Instructions to follow = The line containing "Ultimate Cotton ®" marks the start; extract exactly from it through the last line of the entries, and omit any pictures.

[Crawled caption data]
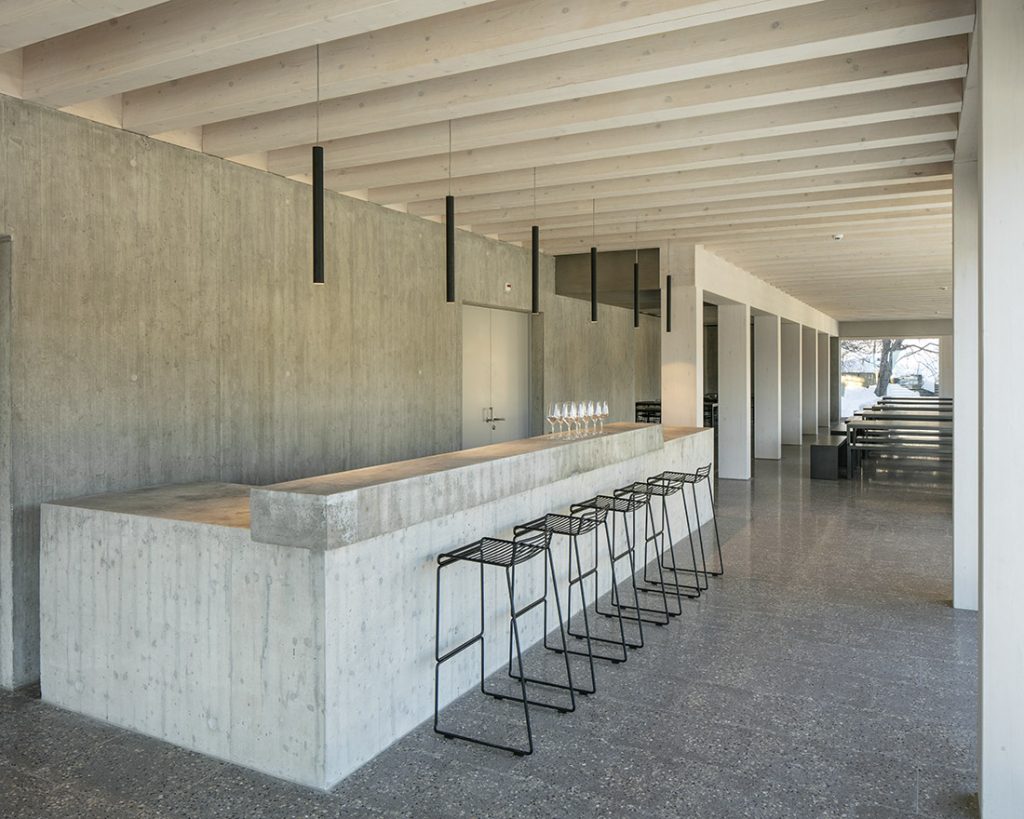 Alpine learning center “Les Cabris” – BIG SEE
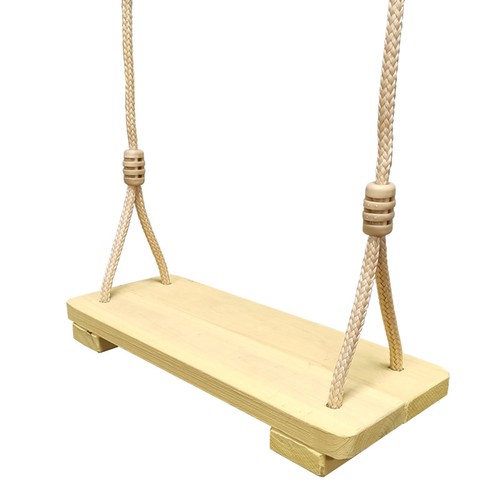 New natural wood swing - wood,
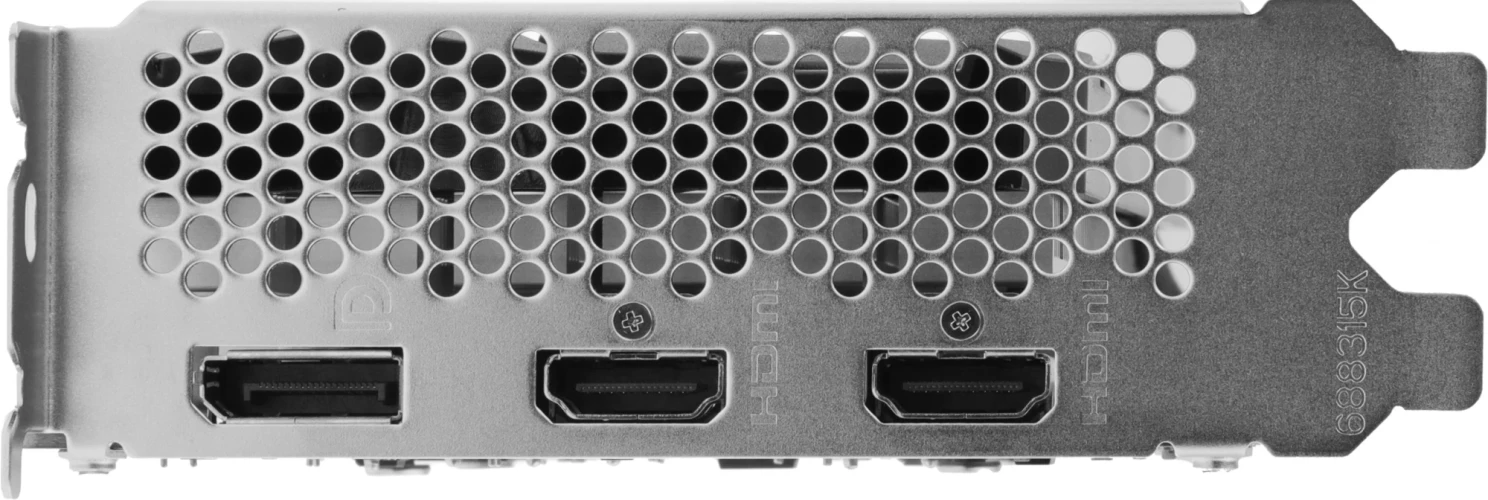 Видеокарта MSI PCI-E 4.0 RTX 3050 VENTUS 2X E 6G OC NVIDIA GeForce RTX 3050 6Gb 96bit GDDR6 1492/14000 HDMIx2 DPx1 HDCP Ret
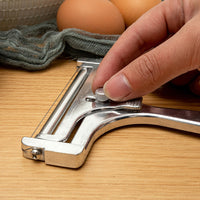 Adjustable Cheese Slicer Stainless Steel Cheese Slicers for Soft Semi Hard Cheese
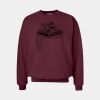 Ultimate Cotton ® Crewneck Sweatshirt Thumbnail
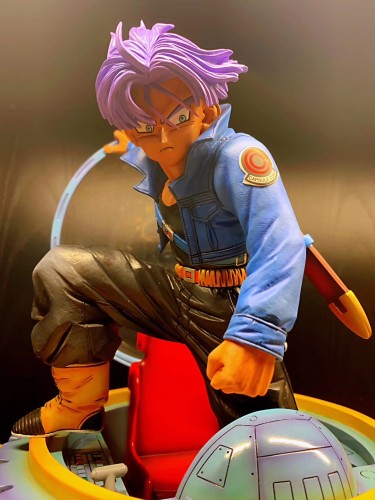 【In Stock】MRC&XCEED Studio Dragon Ball Super The Arrival Trunks 1:6 Resin Statue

Output below =
 Ultimate Cotton ® Crewneck Sweatshirt Thumbnail
 【In Stock】MRC&XCEED Studio Dragon Ball Super The Arrival Trunks 1:6 Resin Statue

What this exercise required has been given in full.